Saved data entries
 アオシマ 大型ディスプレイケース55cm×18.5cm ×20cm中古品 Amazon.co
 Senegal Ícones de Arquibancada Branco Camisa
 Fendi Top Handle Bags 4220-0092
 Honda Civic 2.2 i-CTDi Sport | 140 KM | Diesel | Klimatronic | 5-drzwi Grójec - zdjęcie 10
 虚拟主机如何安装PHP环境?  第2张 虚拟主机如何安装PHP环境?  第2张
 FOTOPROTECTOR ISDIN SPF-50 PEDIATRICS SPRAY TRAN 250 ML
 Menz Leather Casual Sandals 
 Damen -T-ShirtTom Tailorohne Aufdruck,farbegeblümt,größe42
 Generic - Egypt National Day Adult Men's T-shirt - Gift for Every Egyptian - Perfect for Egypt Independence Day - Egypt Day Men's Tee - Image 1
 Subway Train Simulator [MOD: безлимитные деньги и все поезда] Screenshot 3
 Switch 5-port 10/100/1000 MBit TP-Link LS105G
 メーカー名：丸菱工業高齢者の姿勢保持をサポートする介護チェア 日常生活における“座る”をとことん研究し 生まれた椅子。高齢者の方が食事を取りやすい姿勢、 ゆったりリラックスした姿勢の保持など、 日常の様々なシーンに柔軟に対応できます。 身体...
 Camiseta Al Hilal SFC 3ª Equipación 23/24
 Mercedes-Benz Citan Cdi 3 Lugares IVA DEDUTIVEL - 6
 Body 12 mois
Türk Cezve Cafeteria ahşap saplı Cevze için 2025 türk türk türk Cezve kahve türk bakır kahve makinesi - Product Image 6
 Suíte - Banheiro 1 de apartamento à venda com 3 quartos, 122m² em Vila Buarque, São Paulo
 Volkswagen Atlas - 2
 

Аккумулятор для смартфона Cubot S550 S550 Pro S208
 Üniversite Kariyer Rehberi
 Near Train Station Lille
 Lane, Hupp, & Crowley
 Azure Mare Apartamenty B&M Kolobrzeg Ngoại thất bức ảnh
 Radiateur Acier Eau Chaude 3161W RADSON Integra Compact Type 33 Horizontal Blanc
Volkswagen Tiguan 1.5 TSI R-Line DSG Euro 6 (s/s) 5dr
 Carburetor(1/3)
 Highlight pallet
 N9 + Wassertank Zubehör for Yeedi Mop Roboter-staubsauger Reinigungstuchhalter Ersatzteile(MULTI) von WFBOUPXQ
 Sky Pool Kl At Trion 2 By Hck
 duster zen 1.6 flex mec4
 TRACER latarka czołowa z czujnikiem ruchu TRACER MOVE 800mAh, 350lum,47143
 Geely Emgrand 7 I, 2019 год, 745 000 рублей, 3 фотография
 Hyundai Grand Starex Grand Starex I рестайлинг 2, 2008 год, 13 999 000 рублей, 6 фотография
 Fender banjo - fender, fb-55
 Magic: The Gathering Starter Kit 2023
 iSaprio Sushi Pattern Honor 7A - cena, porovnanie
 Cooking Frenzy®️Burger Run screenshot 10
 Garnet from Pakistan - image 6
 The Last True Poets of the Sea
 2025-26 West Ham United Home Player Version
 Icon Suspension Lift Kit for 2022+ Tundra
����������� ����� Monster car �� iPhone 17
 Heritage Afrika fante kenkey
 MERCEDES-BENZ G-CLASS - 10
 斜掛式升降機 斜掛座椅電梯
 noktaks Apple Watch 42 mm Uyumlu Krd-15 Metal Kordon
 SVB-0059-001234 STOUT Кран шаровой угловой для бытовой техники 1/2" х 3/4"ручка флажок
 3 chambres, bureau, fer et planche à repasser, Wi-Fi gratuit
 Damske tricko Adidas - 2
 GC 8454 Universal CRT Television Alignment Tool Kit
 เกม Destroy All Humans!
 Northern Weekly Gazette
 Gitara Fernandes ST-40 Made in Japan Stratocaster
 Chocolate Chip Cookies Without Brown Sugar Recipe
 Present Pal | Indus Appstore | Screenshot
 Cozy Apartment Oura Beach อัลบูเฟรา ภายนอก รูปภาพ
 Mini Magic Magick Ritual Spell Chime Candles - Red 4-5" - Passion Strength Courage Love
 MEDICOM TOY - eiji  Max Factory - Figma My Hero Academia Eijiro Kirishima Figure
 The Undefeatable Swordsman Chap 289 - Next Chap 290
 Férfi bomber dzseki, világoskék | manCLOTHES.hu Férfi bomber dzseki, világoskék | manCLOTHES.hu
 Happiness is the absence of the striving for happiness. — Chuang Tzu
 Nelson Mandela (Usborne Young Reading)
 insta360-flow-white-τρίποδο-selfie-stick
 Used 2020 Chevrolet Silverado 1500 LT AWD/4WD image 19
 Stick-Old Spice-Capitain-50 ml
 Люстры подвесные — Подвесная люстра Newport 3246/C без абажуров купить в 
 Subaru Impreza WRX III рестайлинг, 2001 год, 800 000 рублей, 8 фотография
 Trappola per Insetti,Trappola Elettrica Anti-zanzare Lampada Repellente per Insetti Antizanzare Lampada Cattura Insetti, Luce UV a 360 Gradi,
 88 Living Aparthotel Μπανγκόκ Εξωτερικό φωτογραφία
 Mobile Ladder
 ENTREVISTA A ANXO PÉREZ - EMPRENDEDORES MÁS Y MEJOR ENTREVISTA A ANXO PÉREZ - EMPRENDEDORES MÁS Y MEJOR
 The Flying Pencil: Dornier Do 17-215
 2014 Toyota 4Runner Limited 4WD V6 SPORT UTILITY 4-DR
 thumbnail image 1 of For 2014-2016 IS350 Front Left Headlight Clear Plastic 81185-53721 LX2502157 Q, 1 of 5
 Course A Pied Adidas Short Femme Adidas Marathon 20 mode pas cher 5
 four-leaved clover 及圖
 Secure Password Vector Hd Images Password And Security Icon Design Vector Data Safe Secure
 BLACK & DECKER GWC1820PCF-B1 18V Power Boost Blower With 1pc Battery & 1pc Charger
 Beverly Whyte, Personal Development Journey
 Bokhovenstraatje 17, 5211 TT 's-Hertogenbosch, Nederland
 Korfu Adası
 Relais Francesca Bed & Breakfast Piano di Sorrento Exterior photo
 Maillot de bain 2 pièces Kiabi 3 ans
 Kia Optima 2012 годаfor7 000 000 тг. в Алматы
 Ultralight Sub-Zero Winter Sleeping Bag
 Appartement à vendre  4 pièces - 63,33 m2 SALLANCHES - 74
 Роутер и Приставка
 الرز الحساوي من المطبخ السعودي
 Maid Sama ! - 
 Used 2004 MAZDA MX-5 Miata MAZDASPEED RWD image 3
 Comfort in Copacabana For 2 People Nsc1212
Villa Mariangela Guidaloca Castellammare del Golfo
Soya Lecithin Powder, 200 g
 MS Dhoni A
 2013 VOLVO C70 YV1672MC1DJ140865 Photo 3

__TO DO__. Extract all of the data above without altering anything.

__ANSWER AREA__.
 アオシマ 大型ディスプレイケース55cm×18.5cm ×20cm中古品 Amazon.co
 Senegal Ícones de Arquibancada Branco Camisa
 Fendi Top Handle Bags 4220-0092
 Honda Civic 2.2 i-CTDi Sport | 140 KM | Diesel | Klimatronic | 5-drzwi Grójec - zdjęcie 10
 虚拟主机如何安装PHP环境?  第2张 虚拟主机如何安装PHP环境?  第2张
 FOTOPROTECTOR ISDIN SPF-50 PEDIATRICS SPRAY TRAN 250 ML
 Menz Leather Casual Sandals 
 Damen -T-ShirtTom Tailorohne Aufdruck,farbegeblümt,größe42
 Generic - Egypt National Day Adult Men's T-shirt - Gift for Every Egyptian - Perfect for Egypt Independence Day - Egypt Day Men's Tee - Image 1
 Subway Train Simulator [MOD: безлимитные деньги и все поезда] Screenshot 3
 Switch 5-port 10/100/1000 MBit TP-Link LS105G
 メーカー名：丸菱工業高齢者の姿勢保持をサポートする介護チェア 日常生活における“座る”をとことん研究し 生まれた椅子。高齢者の方が食事を取りやすい姿勢、 ゆったりリラックスした姿勢の保持など、 日常の様々なシーンに柔軟に対応できます。 身体...
 Camiseta Al Hilal SFC 3ª Equipación 23/24
 Mercedes-Benz Citan Cdi 3 Lugares IVA DEDUTIVEL - 6
 Body 12 mois
Türk Cezve Cafeteria ahşap saplı Cevze için 2025 türk türk türk Cezve kahve türk bakır kahve makinesi - Product Image 6
 Suíte - Banheiro 1 de apartamento à venda com 3 quartos, 122m² em Vila Buarque, São Paulo
 Volkswagen Atlas - 2
 

Аккумулятор для смартфона Cubot S550 S550 Pro S208
 Üniversite Kariyer Rehberi
 Near Train Station Lille
 Lane, Hupp, & Crowley
 Azure Mare Apartamenty B&M Kolobrzeg Ngoại thất bức ảnh
 Radiateur Acier Eau Chaude 3161W RADSON Integra Compact Type 33 Horizontal Blanc
Volkswagen Tiguan 1.5 TSI R-Line DSG Euro 6 (s/s) 5dr
 Carburetor(1/3)
 Highlight pallet
 N9 + Wassertank Zubehör for Yeedi Mop Roboter-staubsauger Reinigungstuchhalter Ersatzteile(MULTI) von WFBOUPXQ
 Sky Pool Kl At Trion 2 By Hck
 duster zen 1.6 flex mec4
 TRACER latarka czołowa z czujnikiem ruchu TRACER MOVE 800mAh, 350lum,47143
 Geely Emgrand 7 I, 2019 год, 745 000 рублей, 3 фотография
 Hyundai Grand Starex Grand Starex I рестайлинг 2, 2008 год, 13 999 000 рублей, 6 фотография
 Fender banjo - fender, fb-55
 Magic: The Gathering Starter Kit 2023
 iSaprio Sushi Pattern Honor 7A - cena, porovnanie
 Cooking Frenzy®️Burger Run screenshot 10
 Garnet from Pakistan - image 6
 The Last True Poets of the Sea
 2025-26 West Ham United Home Player Version
 Icon Suspension Lift Kit for 2022+ Tundra
����������� ����� Monster car �� iPhone 17
 Heritage Afrika fante kenkey
 MERCEDES-BENZ G-CLASS - 10
 斜掛式升降機 斜掛座椅電梯
 noktaks Apple Watch 42 mm Uyumlu Krd-15 Metal Kordon
 SVB-0059-001234 STOUT Кран шаровой угловой для бытовой техники 1/2" х 3/4"ручка флажок
 3 chambres, bureau, fer et planche à repasser, Wi-Fi gratuit
 Damske tricko Adidas - 2
 GC 8454 Universal CRT Television Alignment Tool Kit
 เกม Destroy All Humans!
 Northern Weekly Gazette
 Gitara Fernandes ST-40 Made in Japan Stratocaster
 Chocolate Chip Cookies Without Brown Sugar Recipe
 Present Pal | Indus Appstore | Screenshot
 Cozy Apartment Oura Beach อัลบูเฟรา ภายนอก รูปภาพ
 Mini Magic Magick Ritual Spell Chime Candles - Red 4-5" - Passion Strength Courage Love
 MEDICOM TOY - eiji  Max Factory - Figma My Hero Academia Eijiro Kirishima Figure
 The Undefeatable Swordsman Chap 289 - Next Chap 290
 Férfi bomber dzseki, világoskék | manCLOTHES.hu Férfi bomber dzseki, világoskék | manCLOTHES.hu
 Happiness is the absence of the striving for happiness. — Chuang Tzu
 Nelson Mandela (Usborne Young Reading)
 insta360-flow-white-τρίποδο-selfie-stick
 Used 2020 Chevrolet Silverado 1500 LT AWD/4WD image 19
 Stick-Old Spice-Capitain-50 ml
 Люстры подвесные — Подвесная люстра Newport 3246/C без абажуров купить в 
 Subaru Impreza WRX III рестайлинг, 2001 год, 800 000 рублей, 8 фотография
 Trappola per Insetti,Trappola Elettrica Anti-zanzare Lampada Repellente per Insetti Antizanzare Lampada Cattura Insetti, Luce UV a 360 Gradi,
 88 Living Aparthotel Μπανγκόκ Εξωτερικό φωτογραφία
 Mobile Ladder
 ENTREVISTA A ANXO PÉREZ - EMPRENDEDORES MÁS Y MEJOR ENTREVISTA A ANXO PÉREZ - EMPRENDEDORES MÁS Y MEJOR
 The Flying Pencil: Dornier Do 17-215
 2014 Toyota 4Runner Limited 4WD V6 SPORT UTILITY 4-DR
 thumbnail image 1 of For 2014-2016 IS350 Front Left Headlight Clear Plastic 81185-53721 LX2502157 Q, 1 of 5
 Course A Pied Adidas Short Femme Adidas Marathon 20 mode pas cher 5
 four-leaved clover 及圖
 Secure Password Vector Hd Images Password And Security Icon Design Vector Data Safe Secure
 BLACK & DECKER GWC1820PCF-B1 18V Power Boost Blower With 1pc Battery & 1pc Charger
 Beverly Whyte, Personal Development Journey
 Bokhovenstraatje 17, 5211 TT 's-Hertogenbosch, Nederland
 Korfu Adası
 Relais Francesca Bed & Breakfast Piano di Sorrento Exterior photo
 Maillot de bain 2 pièces Kiabi 3 ans
 Kia Optima 2012 годаfor7 000 000 тг. в Алматы
 Ultralight Sub-Zero Winter Sleeping Bag
 Appartement à vendre  4 pièces - 63,33 m2 SALLANCHES - 74
 Роутер и Приставка
 الرز الحساوي من المطبخ السعودي
 Maid Sama ! - 
 Used 2004 MAZDA MX-5 Miata MAZDASPEED RWD image 3
 Comfort in Copacabana For 2 People Nsc1212
Villa Mariangela Guidaloca Castellammare del Golfo
Soya Lecithin Powder, 200 g
 MS Dhoni A
 2013 VOLVO C70 YV1672MC1DJ140865 Photo 3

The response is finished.